Source: The Advisory Board Co., 2012


Case Study

Cleveland Clinic uses culture training to transform experience

The Cleveland Clinic has used culture training to help transform the patient experience from top to bottom in recent years. It has seen patient and staff satisfaction leap, thanks to its efforts. Forrester Research took a closer look at what strategies the clinic used to get to where it is today:

1. Cleveland Clinic's patient experience team found that all staff members must contribute to optimizing a patient's visit, including:

• Clinical staff (doctors, nurses, etc.)

• Administrative staff (check-in, billing, etc.)

• Facilities staff (janitorial, maintenance, etc.)

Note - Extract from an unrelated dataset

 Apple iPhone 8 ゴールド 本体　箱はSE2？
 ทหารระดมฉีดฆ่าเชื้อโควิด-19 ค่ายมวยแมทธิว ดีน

• Management (department heads, senior executives, etc.)

• Information technology

2. The patient experience team developed an organizationwide culture-change exercise that:

• Achieved C-suite buy-in and support

• Focused on vision and importance to the patient

• Used focus groups with patients and other stakeholders to design the process

• Implemented a 1,000-member employee pilot

3. Every staff member went through a culture-change exercise, eight at a time:

• $11 million enterprise cost

• All employees, including doctors, were randomly assigned tables. An employee facilitator walked each attendee through:

  • Mission and vision
  • Expected service behaviors
  • HEART — Hear the story, Empathize, Apologize, Respond to the problem, Thank the patient (service recovery)
  • "Serving leader" leadership model introduction
  • Value exercise

4. Cleveland Clinic boosted its measurable scores following the effort:

• Patients reported higher satisfaction and complaints decreased on HCAHPS scores.

• Staff appreciated the program; employee engagement increased and 92 percent reported satisfaction.